- Born: 1955 Donetsk, Ukrainian SSR, USSR
- Genres: Baroque, classical, romantic, modern
- Occupation(s): Teacher, organist, composer
- Instrument(s): Organ, piano, harpsichord, celesta
- Years active: 1993-present

= Roman Krasnovsky =

Israeli composer, teacher, and pianist

Roman Krasnovsky (רומן קראסנובסקי; born 1955) is an Israeli composer, teacher, pianist, organist, and harpsichordist.

==Early career and education==

Krasnovsky was born in 1955 in Donetsk. His father was an orchestra player. At the age of five, Krasnovsky started to play the piano. He acquired a comprehensive music education in the schools and conservatories in the Soviet Union. He studied composition with the composer Aram Khachaturian at the Moscow Conservatory after graduating from high school. Despite Krasnovsky's wish to be a composer, Khachaturian advised him to focus on playing. Krasnovsky began performing as a soloist with the Symphony Orchestra of Donetsk Philharmonic Society. After studying at a musical college, he continued his studies at the Academy of Arts in Kharkiv until 1979.

As a student, he played the piano, the harpsichord, and the celesta with the Symphony Orchestra of the Philharmonic Society of Kharkiv. During this period, he often played piano concertos by Rachmaninoff and Prokofiev, Rhapsody in Blue by Gershwin and the six concertos for harpsichord and string orchestra by Johann Sebastian Bach. During this period, he performed the complete works by Bach for harpsichord and accompanied international soloists, as violinist Viktoria Mullova.
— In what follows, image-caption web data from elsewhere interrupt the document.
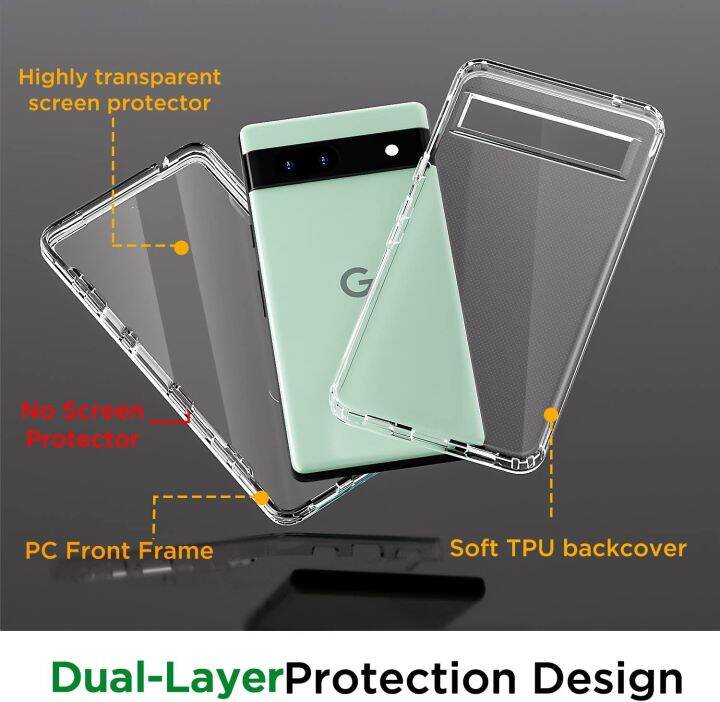 สำหรับ-google-pixel-7a-เคสใสทนทานพร้อม360-ในตัวป้องกันหน้าจอ-pet-เคสซิลิโคนนิ่มบางปกป้องการกระแทกสำหรับ-google-pixel-7-pro-เคส7-pixel-7-เคส6a-พิกเซล7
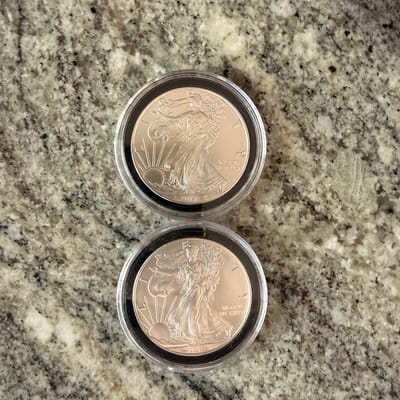 1 oz. American Silver Eagle Patriots Coins .999 - additional view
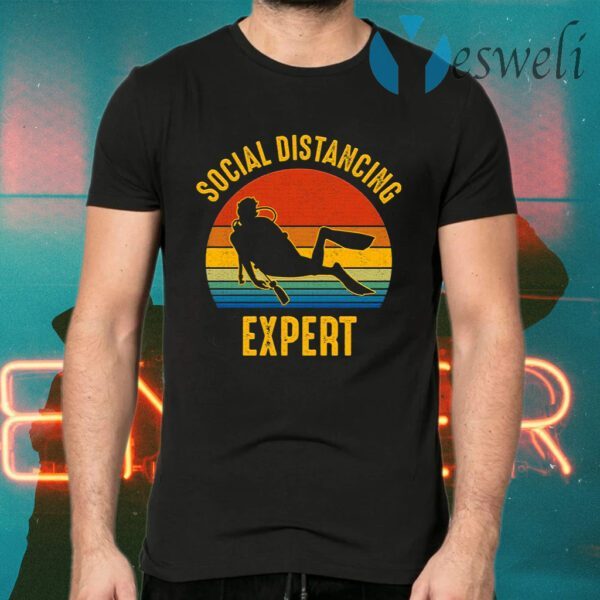 Social Distancing Expert Scuba Diving T-Shirts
Krasnovsky studied organ with Galina Kozlov at the City Conservatory of Gorky (now Nizhny Novgorod) from 1986 to 1989. He appeared in organ recitals throughout Ukraine and the Baltic states. To refine his music education, he participated in master classes with Leo Kremer from Speyer, Germany and with others. His main activity during this period was as organist, with the Symphony Orchestra of the Philharmonic Society of Kharkiv. However, he continued his activities as a pianist, harpsichordist and accompanied other artists.

==Career after immigration to Israel==

Krasnovsky immigrated to Israel in 1990 and has lived there since then in Karmiel From 1993 to 1997 he taught at the Jerusalem Academy of Music and Dance. Since 1997, he has been teaching the piano at the conservatory of Karmiel. He plays the organ in various churches, including Church of the Redeemer and the Dormition in Jerusalem, as well as in other churches in Jaffa and Tabgha. He plays with chamber ensembles and appears as soloist with various orchestras, including the Israel Philharmonic Orchestra. He has also appeared on Israeli television, including on the famous Dan Shilon talk show.

Krasnovsky often performs as organist in Europe and the United States. In January 2008, he was invited to play the organ at Notre-Dame de Paris. Occasionally, he teaches courses in Westphalia, Germany and elsewhere.

After a long break of 20 years, Krasnovsky returned to composition and composed works for organ. One of them he composed following the Yitzhak Rabin assassination in 1995. His compositions acclaimed good critics in Europe.

Krasnovsky issued several CDs playing on various organs in Europe. His repertoire covers a wide and extensive range including baroque, classical, romantic, and modern.
Among other things, he performed works by Poulenc and Messiaen. He also issued a CD containing his three organ symphonies, including the "Jewish Symphony".